Protecting Agency Customer Information from Identity Theft
A Report of the ACT Emerging Security Issues Work Group
Highlights of Report
• The federal Gramm-Leach-Bliley Act requires independent agencies and brokers to proactively implement administrative, technical, and physical safeguards to protect customer non-public personal information. See “Key Considerations in Setting Up & Implementing an Agency Security Policy” below for practical guidance on setting up and implementing an agency security policy.
• Many agencies are also now covered by a state identity theft law which may require an agency to notify a customer and take other remedial steps (such as procuring credit reports for the customer) if the agency is involved in the customer’s non-public personal information being lost, stolen, misdirected, or otherwise the subject of a security breach. Many of these laws, however, provide a safe harbor if the affected data is encrypted.
• Beyond the legal requirements, being proactive about securing customer personal information is just good business, given the devastating impact of having to notify customers that their most sensitive information may have been compromised. In addition, taking proactive steps to prevent a security breach is very likely to be less costly than cleaning up the mess that typically occurs after a breach has occurred.
• Many agencies are surprised to learn that the most significant security threats they face are not posed by external parties hacking into their systems. See “The Three Biggest Security Threats Most Agencies Face” for what the biggest threats are.
• Back ups represent a major security risk. The work group recommends that back ups be encrypted and kept in a secure place. Many of the identity theft cases involve back ups.
• There has been a proliferation of PCs, portable devices, and removable media (zip drives, memory sticks, CDs,) taken outside of agencies potentially creating a major new security risk for agencies. Agencies are encouraged to have their security policy address each of these items specifically. Agents should not store customer and policy information on them, if at all possible. Rather, it is preferable that this sensitive information be accessed from the agency’s system through a password protected Virtual Private Network when needed. If there is a possibility customer and policy data will be kept on these devices, then the work group recommends that the data be encrypted.
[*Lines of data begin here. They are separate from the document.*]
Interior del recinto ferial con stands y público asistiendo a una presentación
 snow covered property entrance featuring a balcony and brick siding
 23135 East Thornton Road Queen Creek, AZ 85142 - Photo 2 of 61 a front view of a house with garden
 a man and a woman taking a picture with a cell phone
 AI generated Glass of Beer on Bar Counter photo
Many of the identity theft cases involve lost or stolen PCs and other types of portable devices.
• Agencies should avoid sending customer non-public personal information by unsecured email, because regular email is like sending an open postcard through the mail. The report presents several additional recommendations to help protect data while in transit to and from the agency.
• If an agency handles individually identifiable health information for clients or employees, then it also may be subject to the federal HIPAA law. Click here for ACT’s report discussing HIPAA.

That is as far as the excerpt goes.